▶ **WHAT TO PRODUCE**
Reprint the lines below as they are, minus the pictures.

▶ **GIVEN INFORMATION**
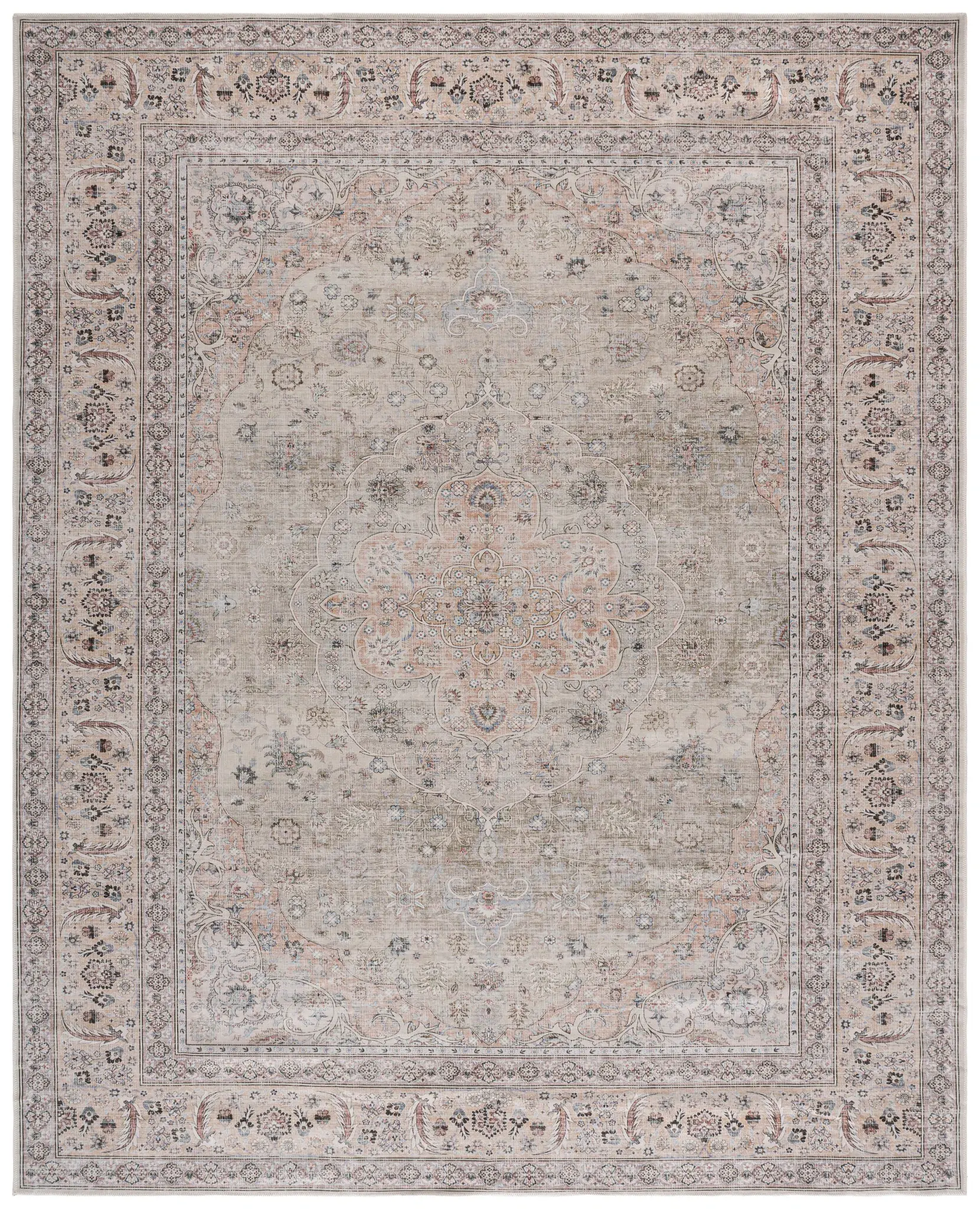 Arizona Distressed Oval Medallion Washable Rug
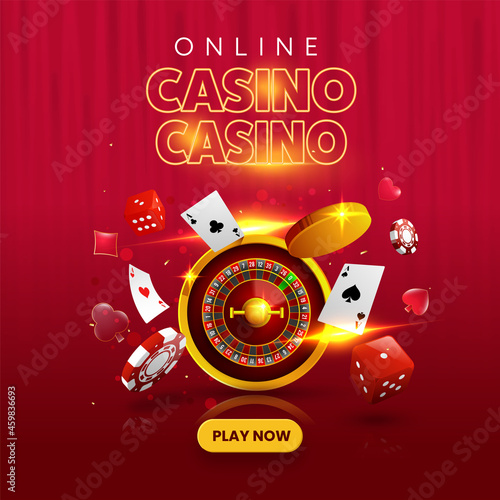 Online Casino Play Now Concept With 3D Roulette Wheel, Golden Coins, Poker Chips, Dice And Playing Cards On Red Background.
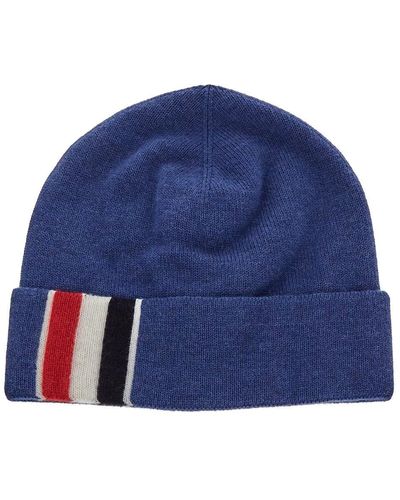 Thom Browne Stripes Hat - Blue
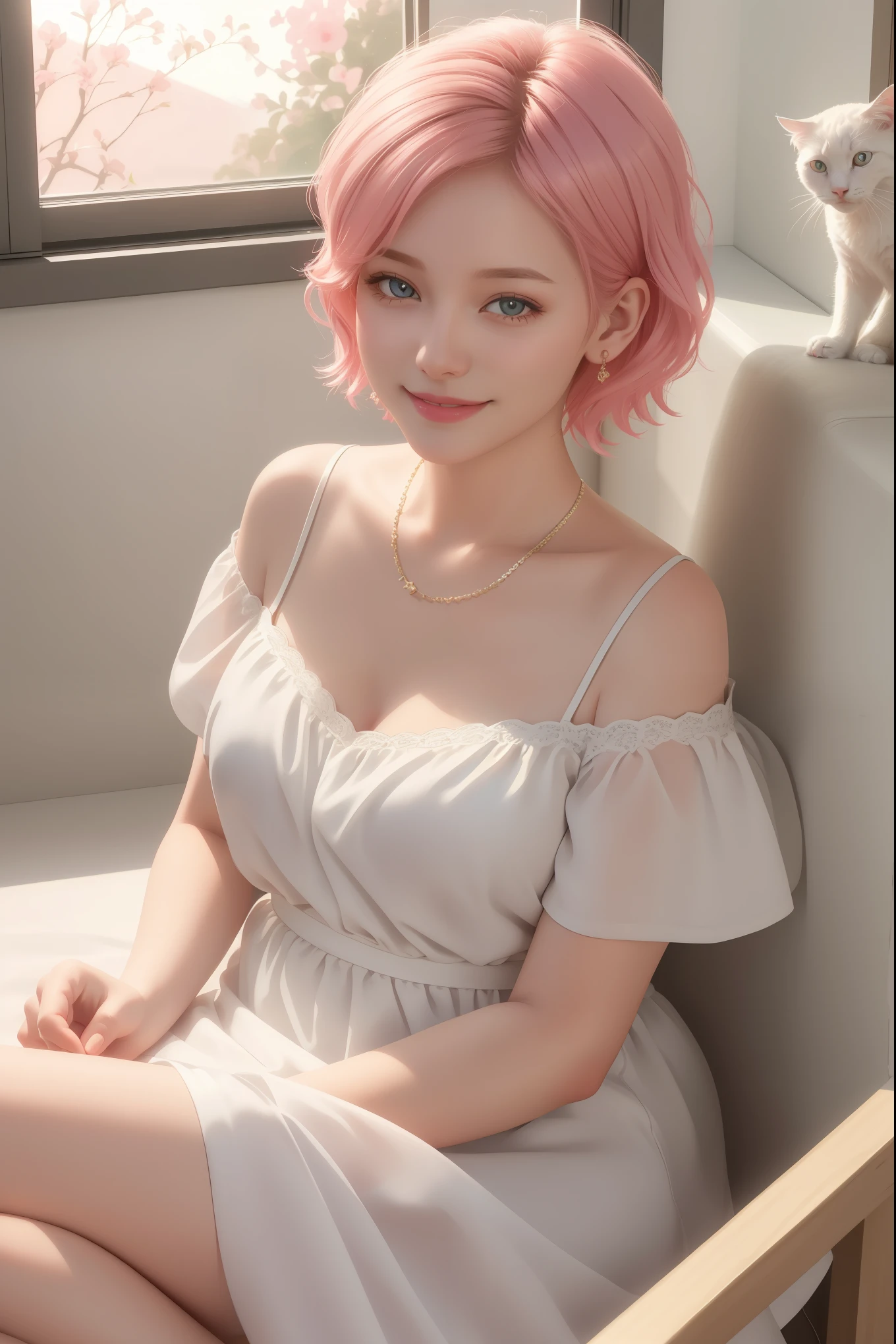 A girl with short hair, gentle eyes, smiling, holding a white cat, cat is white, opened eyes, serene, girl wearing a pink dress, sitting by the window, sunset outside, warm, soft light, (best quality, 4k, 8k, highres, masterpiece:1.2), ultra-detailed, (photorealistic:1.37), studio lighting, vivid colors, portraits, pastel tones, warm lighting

▶ **TASK RESULT**
 Arizona Distressed Oval Medallion Washable Rug
 Online Casino Play Now Concept With 3D Roulette Wheel, Golden Coins, Poker Chips, Dice And Playing Cards On Red Background.
 Thom Browne Stripes Hat - Blue
 A girl with short hair, gentle eyes, smiling, holding a white cat, cat is white, opened eyes, serene, girl wearing a pink dress, sitting by the window, sunset outside, warm, soft light, (best quality, 4k, 8k, highres, masterpiece:1.2), ultra-detailed, (photorealistic:1.37), studio lighting, vivid colors, portraits, pastel tones, warm lighting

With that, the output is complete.